The Center for Climate and Energy Solutions (C2ES) has partnered with the Retail Industry Leaders Association (RILA), Atlas Public Policy, and David Gardiner and Associates (DGA) to explore the landscape and outlook for electric trucks for freight movement.
This joint initiative assesses the market landscape, challenges, and opportunities for electric truck adoption among retailer shippers and their transportation partners. The initiative developed an independent total cost of ownership analysis, Assessing Financial Barriers to Adoption of Medium- and Heavy-Duty Electric Vehicles, along with a publicly available total cost of ownership analysis tool, to help retailer-shippers better understand options available to them and their transportation providers.

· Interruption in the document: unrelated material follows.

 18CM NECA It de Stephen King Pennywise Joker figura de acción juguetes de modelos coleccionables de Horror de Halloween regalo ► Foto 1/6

As part of this collaboration, the project team interviewed an electric vehicle (EV) manufacturer and retail and trucking companies that have piloted electric vehicle trucks within their businesses to assess their perspective on the state of the industry. This brief summarizes issues that those companies see as important as they strategize about electrifying their fleets.
In general, companies are positive about the direction that electric trucks are taking. They recognize the environmental benefits of switching from diesel to electric, and some mention that employees enjoy test driving electric trucks. In the future, they envision their companies transitioning their fleets entirely, once national charging infrastructure is built out more, and the costs of electric trucks are reduced through technology maturity and deployment or expanded public policy. Specifically, the expansion of charging infrastructure and vehicle incentives were cited during several interviews as important elements needed before companies pursue deployment in earnest.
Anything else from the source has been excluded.